Year of Consecrated Life: Living Lent with Pope Francis 2

 

 My first and only love

At the origin of every call to religious life is a deep desire for God and a fascination with the person of Jesus and his liberating message. The way God’s Spirit touches us can be very different for every individual. The cares of daily life, the power of habit, failures and disappointments can sometimes turn that first fire of love into ashes. Pope Francis invites us to rekindle in ourselves the fervour of the time of our first love.  

 

For the various founders and foundresses, the Gospel was the absolute rule, whereas every other rule was meant merely to be an expression of the Gospel and a means of living the Gospel to the full. For them, the ideal was Christ; they sought to be interiorly united to him and thus to be able to say with Saint Paul: “For to me to live is Christ” (Phil 1:21)... I invite all Christians, everywhere, at this very moment, to a renewed personal encounter with Jesus Christ, or at least an openness to letting him encounter them; I ask all of you to do this unfailingly each day.

 

 Joy is born from the gratuitousness of an encounter! Moreover, the joy of the encounter with him and with his call does not lead to shutting oneself in but to opening oneself; it leads to service in the Church.… Service in the Church arises out of the joy of meeting the Lord and from his call. This mission is to bring to the men and women of our time the consolation of God, to bear witness to his mercy … “Where there are religious, there is joy”. We are called to know and show that God is able to fill our hearts to the brim with happiness; that we need not seek our happiness elsewhere.

 

We have to ask ourselves: Is Jesus really our first and only love, as we promised he would be when we professed our vows? Only if he is, will we be empowered to love, in truth and mercy, every person who crosses our path. For we will have learned from Jesus the meaning and practice of love. We will be able to love because we have his own heart.

 

Look into the depths of your heart, look into your own inner depths and ask yourself: do you have a heart that desires something great, or a heart that has been lulled to sleep by things? Has your heart preserved the restlessness of seeking or have you let it be suffocated by things that end by hardening it? God awaits you, he seeks you; how do you respond to him? Are you aware of the state of your soul? or have you nodded off? Do you believe God is waiting for you or does this truth consist only of “words”?

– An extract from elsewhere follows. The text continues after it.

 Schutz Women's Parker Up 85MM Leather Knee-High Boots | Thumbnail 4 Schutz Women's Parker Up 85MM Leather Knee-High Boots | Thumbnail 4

There is a temptation to seek God in the past or in a possible future. God is certainly in the past because we can see the footprints. And God is in the future as a promise. But the ‘concrete’ God, so to speak, is today.

 

? Take a quiet moment and recall the times in your life when God touched you in a special way!

? What in me tends to diminish my enthusiasm and my fervour? How can I give expression to my love at this period of my life?